Video surveillance captured Harrington between 8:20 and 9:00 p.m. on October 17 standing outside the John Paul Jones Arena prior to concert’s conclusion. Like many other commercial entertainment venues, the arena’s policy prohibits reentry. At 8:48 p.m., Harrington telephoned friends inside the arena and said she would find a ride home. Between 9:00 to 9:10 p.m., a video image captured the young woman walking through the University Hall parking lot alone. Witnesses later observed Harrington inside the Lannigan track and field parking lot.

A witness told police that a woman matching Harrington’s description was standing on the Copeley Road Bridge attempting to hitch a ride.  Standing over a set of railroad tracks, the bridge runs between University Hall and Ivy Road, a few blocks north of U.S. Highway 29. At 9:30 p.m., she was last observed standing on Copeley Road near the intersection of Ivy Road, about a block west of the bridge.

When Harrington failed to arrive home the following day, her parents reported her missing.

Personnel from the University of Virginia Police Department, the Virginia State Police and the FBI searched the area surrounding the John Paul Jones Arena.  Police later discovered Morgan Harrington’s purse and cellular telephone in parking lot between the John Paul Jones Arena, the Klockner baseball stadium and the Lannigan track and field complex. Fox News claims that investigators located one or both of these items in a trash receptacle. Prior to discarding these items, the perpetrator likely removed Harrington’s cellular telephone battery.
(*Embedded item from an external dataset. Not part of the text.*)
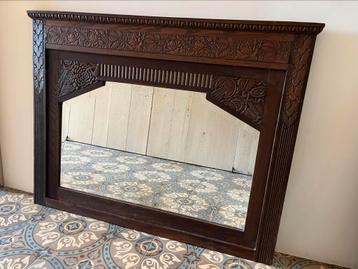 Antieke spiegel in houten frame beschikbaar voor biedingen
For the next 101 days, police continued the search for the young woman, which ended when the owner of Anchorage Farms, David Bass, observed what he thought, was the carcass of a deer lying near a fence line on his property.  Bass described this area as a pasture with tall grass. 
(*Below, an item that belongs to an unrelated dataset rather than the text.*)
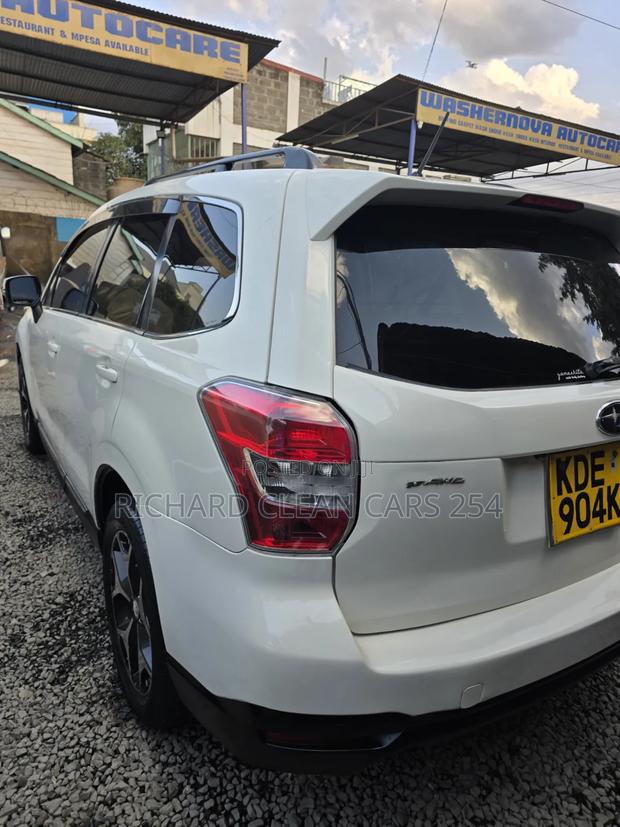 Subaru Forester 2014 Pearl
The tall grass likely concealed the young woman’s body until over 20 inches of snow fell in December.  The melting snow matted down the tall grass making the remains visible from atop Bass’ tractor. 

Bass points out that the body rested about a mile from the closest public road, although maps indicate that a cul-de-sac in the nearby Blandemar Farm Estates subdivision may have provided access to the dumpsite.

Criminal profiler Pat Brown told Fox News that the disposal of the body strongly suggests that Harrington’s killer is familiar with the area. In my opinion, I believe it is too soon to make such an observation. 

When trying to ascertain how a particular event occurred, it is important to reconstruct a scene that enables detectives to walk in the shoes of the perpetrator. Judging by the totality of the circumstances, as well as my training in criminal investigative analysis (more commonly known as profiling), Morgan Harrington’s killer(s) is probably a troubled individual who has fantasized about committing sexual homicide. As I noted in my e-magazine expose, The Killer in Our Midst: the Case of Milwaukee’s North Side Strangler, in many instances, these fantasies persist and grow ever stronger until the point of action.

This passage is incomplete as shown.